What to Fight For (28.2) The Shadow



The Shadow slipped into the shadow stream right beside Kallen and looked back. Holding up the gem, she could clear see the outside. It was usually beneficial to pop the head out to take a proper peek, but the gem worked like a flashlight and made it so the Shadow wouldn’t need to do so.

Kallen showed no reaction which in turn meant the flashlight could not be seen by normal eyes.

Finally, Ayane thought, with a cathartic sense of finality. An advantage.

Not only did the proxy stone enable her to slip in and out of any location, due to the lack of lighting inside the caves, but it allowed her to peer out into the real world without having to enter it.

The Shadow set out straight for the big room where she was supposed to replace the Beast’s power source with the very stone she was carrying, and also with what hopes she had it would actually work as intended. She found the room quickly enough.

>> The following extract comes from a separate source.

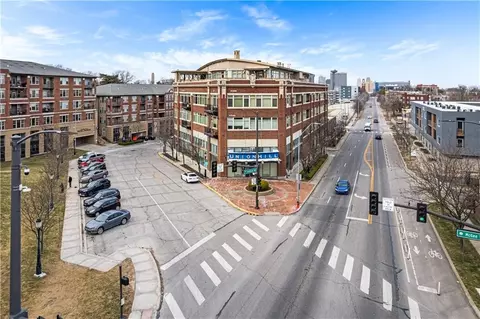 2929 Mcgee Trfy #305, Kansas City, MO 64108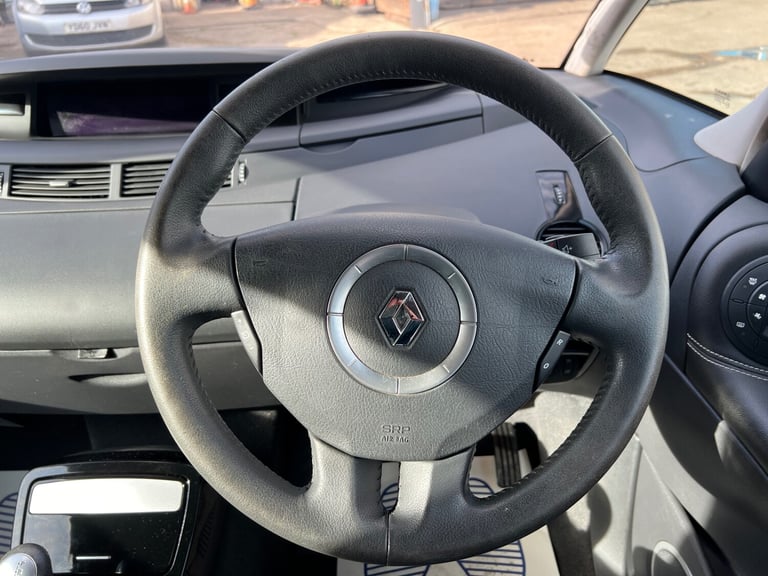 2011 Renault Grand Espace 2.0 dCi Dynamique TomTom 5dr Auto MPV Diesel Automatic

The Shadow swam around the room, the ground, ceiling, and walls, making sure she noticed every detail of it.

It was very big.

It had a Beast right by the entrance, piloting one of their machines, and a few more patrolling the room. The power source was inside of a chamber, sitting on a pedestal. There was no visual indication that it was powered on, or off, so hopefully, she could just switch them.

The real question was how.

The moment the Shadow left the stone behind, she’d be stranded, and Kallen too. But before even considering whether or not it’d be worth it, there was the fact the Beats could just take the stone out.

Even if she could escape with the power-source, Ayane doubted they wouldn’t be able to replace it.

The core of the idea behind their mission was to replace it without anybody knowing, or failing that, to take away their ability to swap it back. To accomplish it, the Shadow would have to make the replacement and escape with their power source, and on top of that, she would have to block the entrance to the room–there was only one, fortunately–to properly guarantee there would be no replacements.

The Shadow transitioned back to Kallen.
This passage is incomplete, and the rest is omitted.